Нет, дебила кусок, он лучше за Мийкой будет слоняться. Он же её ненавидел, самому значит издеваться можно было, а как я его же примером пошёл, так сразу в рыло.

И она ещё пресмыкается, дура! Стокгольмский синдром что ли. Давно ли такой диагноз?!

Помню, как пары ласковых не дождешься от неё, а теперь: «Я выбрала себя. Себя. Как и тогда, в прошлом. И не жалею!»

***, мысли путают.

Полковник ещё над душой стоит. Авангард его, оказывается. Надо же, этому Эндшпилю ещё и с дедом повезло! Знал бы раньше, послал бы при Петровиче, терять было нечего, у этого старшего Соло всё на мази. Заступничек хренов.

Ненавижу всех!!!

Мать уже была готова плюнуть на должность и снова расписаться с батей, нет же, этот со своим вниманием, заботой. Гнида! Усомниться заставил, отложить! Жизнь другую показал, мажор поганый. Отец такому неровня, такие, как барокамера, обеспечат кислородом и не жить без них потом.

Этот придурок должен был защищать сыночка, а не за меня впрягаться!

Где я просчитался? Почему после всего, что было предпринято, спровоцировано, подстроено, этот, как и прежде, ошивается вокруг матери?!

Ненавижу всех!

Лыбится с фотки, тварь.

Повесили мишенью, полковник похоже умный, хоть и вояка. Не поставил в спарринг с Дэнчиком, этого женатика повесил. Только из жалости походу, как там он сказал… «Мой внук слабаков может только убить». Точно, б**!

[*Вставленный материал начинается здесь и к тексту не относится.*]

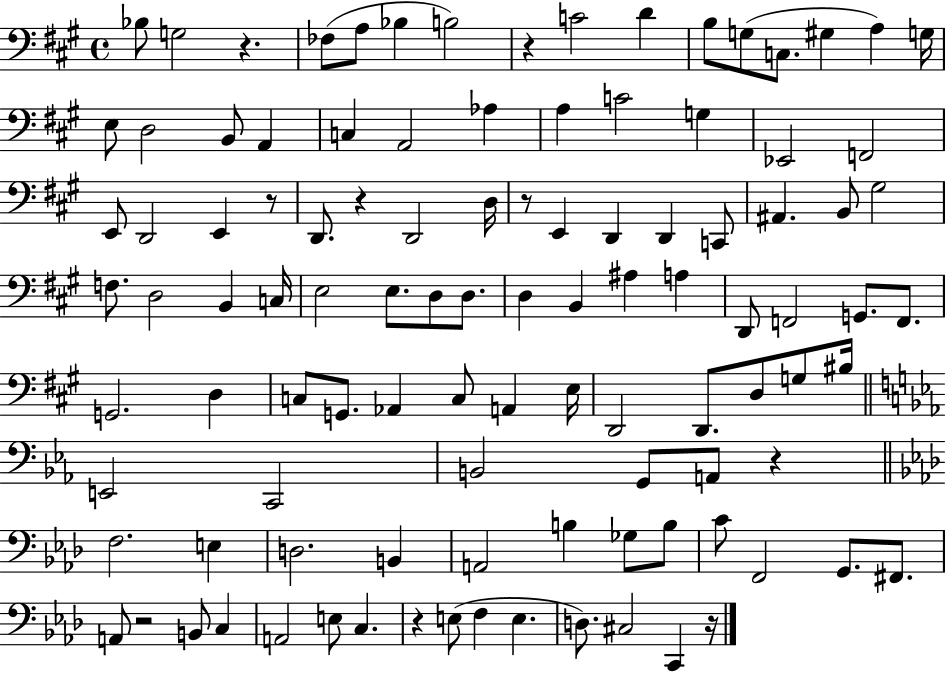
{
  \clef bass
  \time 4/4
  \defaultTimeSignature
  \key a \major
  bes8 g2 r4. | fes8( a8 bes4 b2) | r4 c'2 d'4 | b8 g8( c8. gis4 a4) g16 | \break e8 d2 b,8 a,4 | c4 a,2 aes4 | a4 c'2 g4 | ees,2 f,2 | \break e,8 d,2 e,4 r8 | d,8. r4 d,2 d16 | r8 e,4 d,4 d,4 c,8 | ais,4. b,8 gis2 | \break f8. d2 b,4 c16 | e2 e8. d8 d8. | d4 b,4 ais4 a4 | d,8 f,2 g,8. f,8. | \break g,2. d4 | c8 g,8. aes,4 c8 a,4 e16 | d,2 d,8. d8 g8 bis16 | \bar "||" \break \key ees \major e,2 c,2 | b,2 g,8 a,8 r4 | \bar "||" \break \key f \minor f2. e4 | d2. b,4 | a,2 b4 ges8 b8 | c'8 f,2 g,8. fis,8. | \break a,8 r2 b,8 c4 | a,2 e8 c4. | r4 e8( f4 e4. | d8.) cis2 c,4 r16 | \break \bar "|."
} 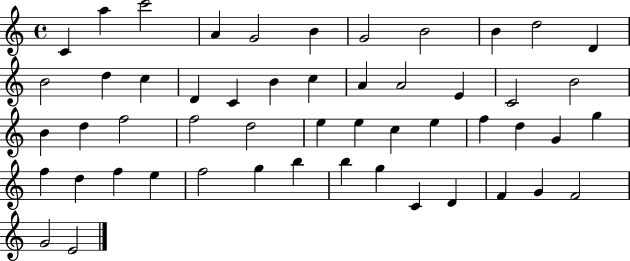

Не, тебя, вояка, я тоже ненавижу.

Метаю ножи один за другим. Во мне ярости сейчас, хоть отливай. Глаз, ушей, носа у этого паскуды уже нет, метко в цель.

Смотрю на такой же портрет у Дэна. Жесть! Он папаню ненавидит не меньше моего что ли?! Ни одного живого места, только он пулями прошивает. Машина, черт подери.

Витёк предупреждал, я чё-то недооценил. Как бы тоже не пальцем делан, но после пейнтика допёрло, что Соло тот ещё непобедимый Ахиллес. И главное — всё было рассчитано, нет, вылез, меткий!

Вопрос был готов, чесался уже на языке, и всё, полный просвист, пустил в разнос, как реально малька какого-то. Клуб отца, Авангард деда, золотая ложка в заднице. Всё, б**, есть. Всё!!!

Полковник видит, что совсем тяжко, не помогла его местная шарлатанская терапия. Придётся не жалеть, дедуля!

Только подумал, он позвал обоих к себе.

— Против меня будете. Нападать можно вместе, но на договоры, переговоры друг с другом запрет. Как почувствуете, так и атакуете. На подготовку тридцать секунд. Время пошло!